私自身、小学生の頃に横山光輝の漫画『三国志』を読み、個性豊かな英雄達の活躍に胸を躍らせたのを覚えています。ですので、まず手始めにこの漫画『三国志』から入られるのをお勧めします。全60巻の大著で、大雑把に言ってしまえば、1~20巻あたりは群雄割拠を、20~40巻あたりは諸葛孔明らが登場し三国時代の成立を、40巻あたり以降は曹操・劉備亡き後の世界を描いています。小学生から大人までどなたでも、スラスラと読めてしまうかと思います。
そうしますと、三国志熱が沸々と湧いてくることでしょう。

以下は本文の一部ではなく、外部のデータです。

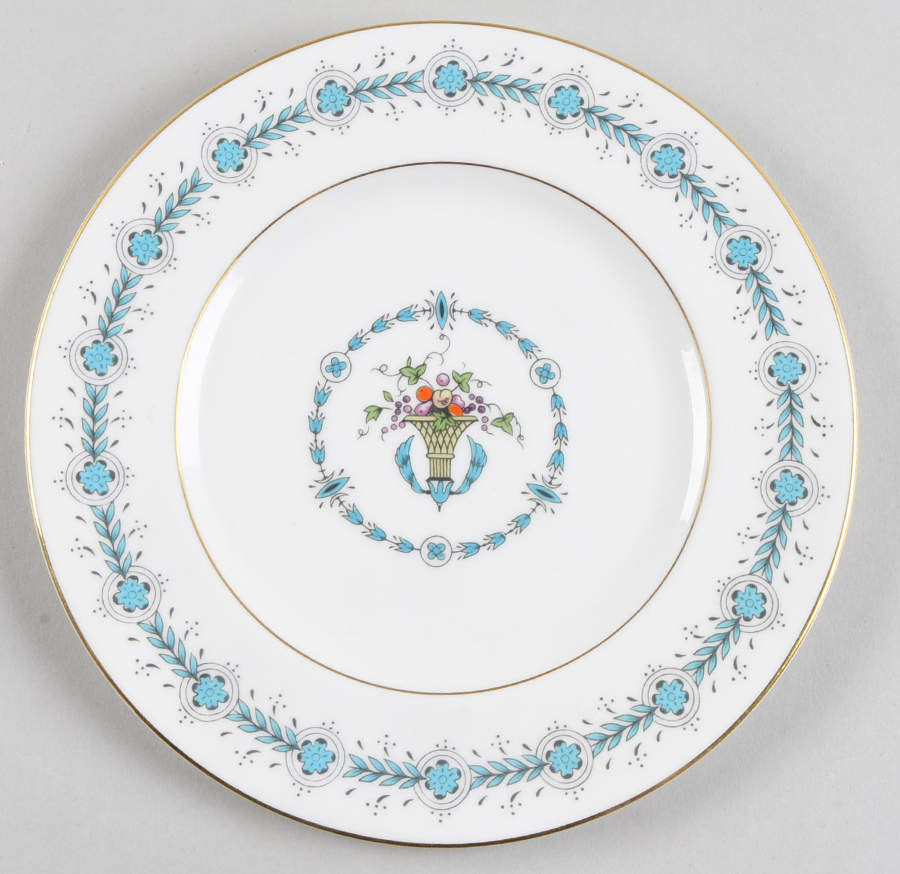 Queen Elizabeth White (Smooth) Salad Plate by Coalport-1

その次は定番小説に進まれるのが定石です。となれば、横山光輝版の基ともなっている定番中の定番吉川英治『三国志』は外せないでしょう。『三国志演義』をベースに若干のオリジナルを加えた本書は、それまでの定番であった『通俗三国志』*に打って変わり、現在でも日本でのいわゆる三国志のスタンダードと呼べるものです。
さてここまでくると、人によって関心の方向性が様々分かれてくると思われます。もっと様々な作品で一大スペクタクルに浸っていたい、という方なら、例えば柴田錬三郎『三国志英雄ここにあり』。そして一押しなのが、大阪にもゆかりの深い陳舜臣が著した『秘本三国志』。宗教的な側面にも光を当て、吉川三国志とはまた違った味わいがあり、読ませます。それ以外にも関連の映画作品やドラマ、人形劇、はたまたビデオゲーム、ソーシャルゲームなど、様々なメディアで存分に楽しまれるのがよいかと思います。
一方で、史実が気になりだした方には、標題にも挙げた『正史三国志』。
先程『三国志演義』と書きましたが、これは明代に書かれたといわれる小説で、これが三国志の物語の根幹をなすものです。当時、三国時代を扱った講談・芝居・小説等が数々あり、これらを編纂したともいわれています。故にドラマチックなエピソードが多く盛り込まれ物語を彩る反面、フィクションも少なからずあるようです。他方、晋に仕えた蜀出身の陳寿によって紀伝体で著された『正史三国志』は、王朝公認の歴史書(正史)です(とはいえこれもすべて史実かと言えば、議論のある箇所も少なくない模様。陳寿の意図等を想像しつつ読むのも面白いでしょう)。1992-1993年に筑摩書房より出版された本書は、現代の我々にも大変読みやすく編集されています。1800年も昔のこととは思えない、人物達の息づかいを感じるようです。また4巻魏書4の東夷伝にはいわゆる魏志倭人伝が収録されています。ちなみに北方謙三『三国志』は『三国志演義』でなく、この正史に基づいて描かれています。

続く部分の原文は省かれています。